So just what qualifies as the Old World? Think old . . . really old. These are the places that have been making wine since the happy accident of fermentation first happened. Consider that one of Italy’s oldest wineries, Ricasoli, is still owned and run by the founding family, nearly one thousand years after its establishment in 1141. And two-thousand-year-old vineyards in Burgundy, France, were once operated by Cistercian and Benedictine monks, who took copious notes on viticulture: how to best plant, prune, pick, crush, etc. Vineyards, and intimate knowledge of them, have been handed down over generations in the Old World. With experience comes expertise. The Old Worlders have been in the game for a long, long time.
By comparison, New World regions are relative babies on the wine scene. In the late seventeenth century, European settlers brought high-quality grapevines to South Africa, Australia, and North and South America. From there, the grapevines and the craft of winemaking spread, and today wine is made on every continent except Antarctica. From New Zealand to New York, Argentina to China, exciting wine regions continue to pop up around the globe. They emerge with passion, determination, and much greater marketing savvy than any of their predecessors. However, all of them lack one thing the Old World has in its well-worn back pocket: a road map.
California is a great example of a New World region that is proudly and painfully carving its own path. California is responsible for most of the wine production in the United States, and its top wines garner worldwide acclaim. And yet, compared with their European counterparts, the Californians are just getting started.

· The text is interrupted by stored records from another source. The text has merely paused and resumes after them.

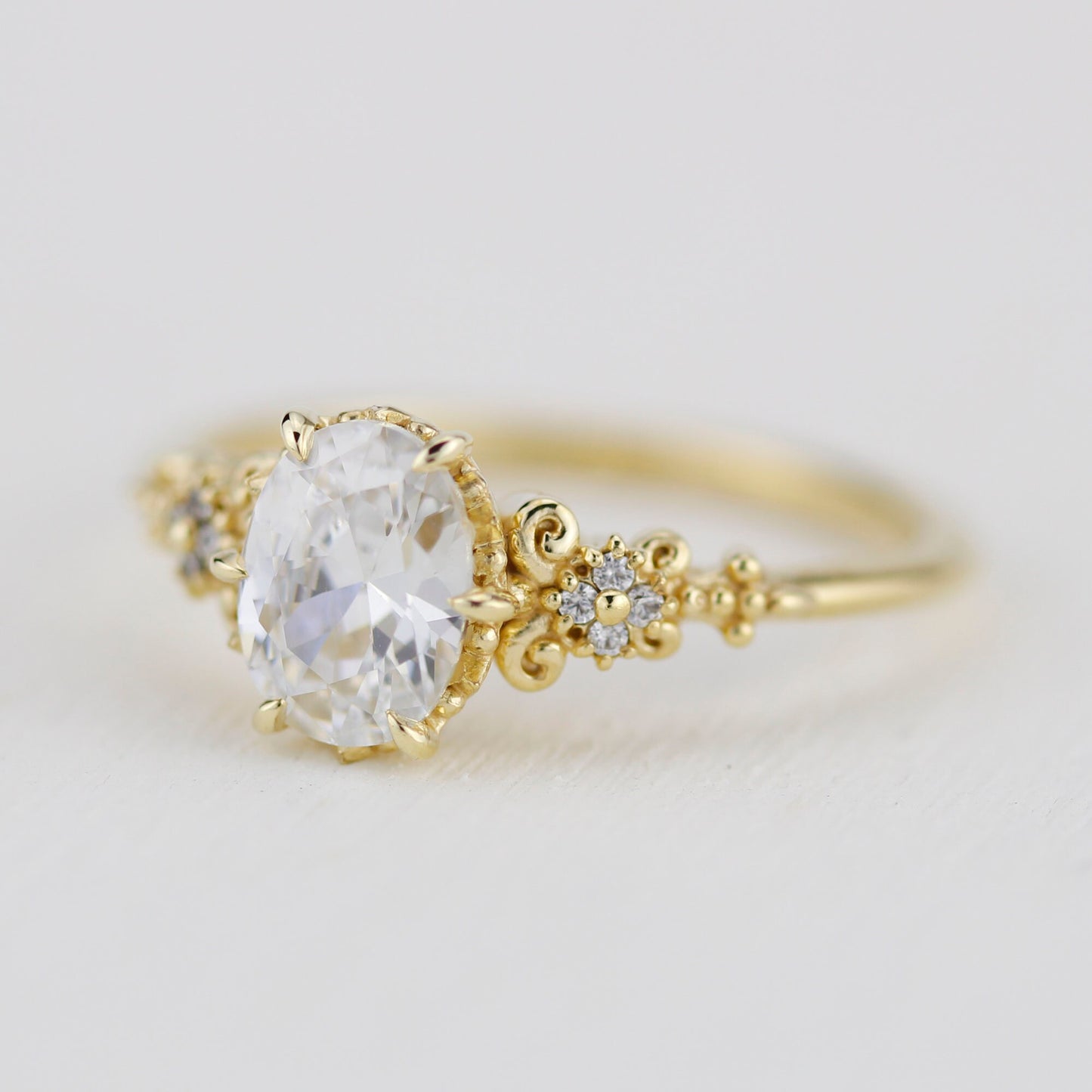 Oval moissanite engagement ring, oval moissanite engagement ring vintage unique, 1.5 carat certificated moissanite ring | R265MOIS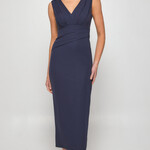 Style State Navy V Neck Mid Pleated Dress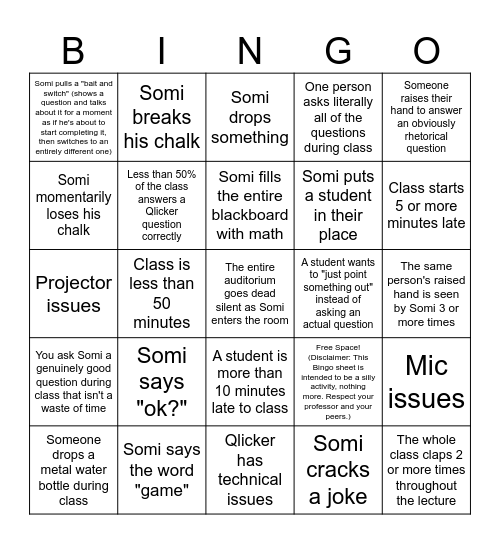 APSC111 Secret Bingo Challenge!!! Bingo Card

Technically, the state has been making wine for about a century. Unfortunately, in the early 1920s, just as things were starting to get interesting, Prohibition obliterated almost all of California’s 713 bonded wineries. The handful that remained survived only by acquiring a license to make shoddy wine for religious purposes. Prohibition was, of course, eventually repealed (thirteen excruciating years later), but it left a deep scar on America’s perception of wine and on the country’s wine consumption. The California wine industry did not truly emerge until the 1970s. It took nearly half a century to restore the number of operating wineries back to pre-Prohibition numbers.
Most New World winemakers and grape growers will admit they have a lot to learn. Despite the challenges of forging industries on their respective continents, they are enthusiastic pioneers. In fact, if you were to visit any New World winery today, I’m certain you’d hear them say they are experimenting with growing this grape variety or that, that they are correcting some huge mistake they recently made in the vineyard, or that they are excited about a new technology or technique they are trying. In other words, they’re still figuring out what works. Fifty years is but a blip when it comes to wine. California, and other New World regions, will certainly evolve considerably in another millennium.